Graeme McDowell’s name was dragged into court last month when McIlroy’s legal team argued that the former world No. 1 received “markedly inferior” conditions than McDowell when both were represented by Horizon Sports Management. There also were reports that Mcllroy “orchestrated” the timing of the lawsuit to coincide with G-Mac’s wedding, though McIlroy has vehemently denied those claims.
Talking to reporters at the unveiling of the Nike performance facility at Archerfield Links in Scotland, McIlroy was asked whether the lawsuit would disrupt team chemistry at Gleneagles.
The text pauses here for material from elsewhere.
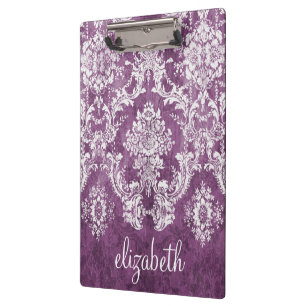 Purple Plum Grunge Damask Pattern with Name Clipboard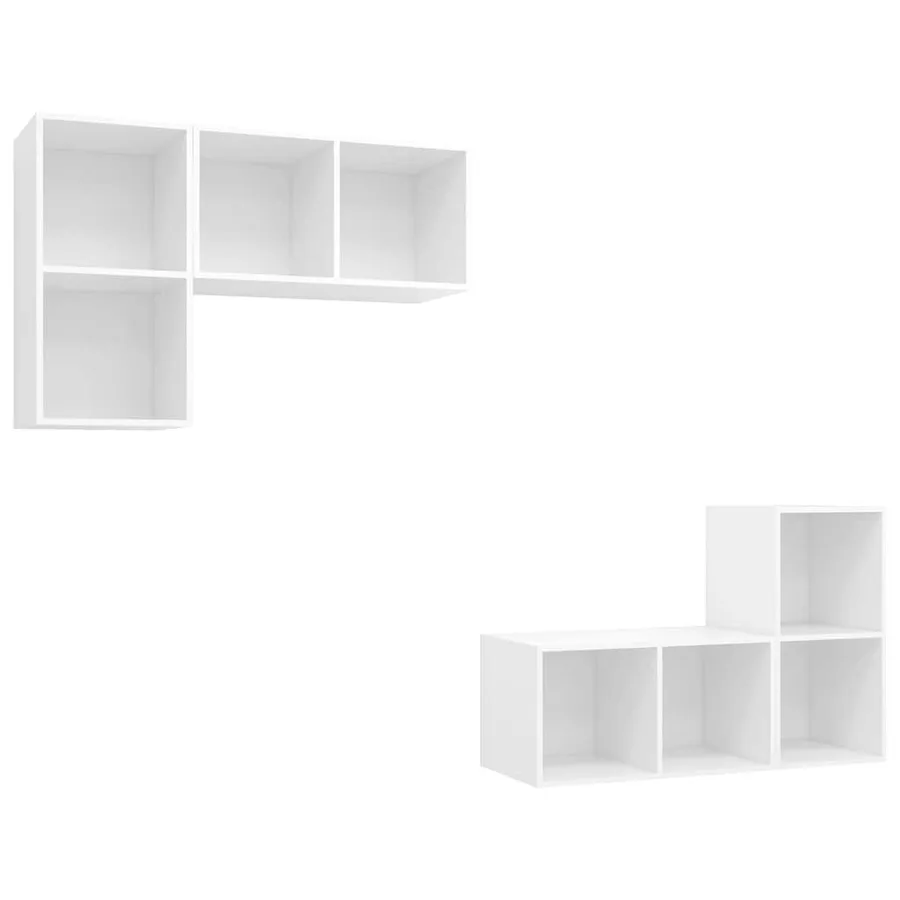 Meubles TV muraux 4 pcs Blanc Bois d'ingénierie - 2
“It won’t – that is complete nonsense,” McIlroy said, according to the Scotsman. “G-Mac knows what is going on. It hasn’t affected our relationship in any way.
“At times it’s awkward because he’s with someone (Horizon), but at the end of the day, we are the same two people we were. I would love to tee it up with G-Mac in the Ryder Cup and (European captain) Paul McGinley knows that.”
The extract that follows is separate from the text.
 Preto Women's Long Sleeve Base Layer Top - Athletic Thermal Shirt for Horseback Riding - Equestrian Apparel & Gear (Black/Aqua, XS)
McIlroy and McDowell have been partners at the World Cup, Seve Trophy and Ryder Cup in both 2010 and ’12. McIlroy seems a lock for this year’s squad, while McDowell boosted his chances with a come-from-behind victory Sunday at the French Open.
As for the status of their relationship, McIlroy, who is playing in this week’s Scottish Open, said that he is still very close to McDowell.
“There’s obviously been a few things that have gone on that have strained the relationship, but I still talk to him regularly and catch up with him,” McIlroy said, according to the report. “He has stayed out of everything as much as he can and there’s no ill feeling toward him in any way from my side. He’s been one of my best friends on tour and showed me the ropes. I will always be grateful for what he’s done and for going out of his way to make me feel comfortable out here.”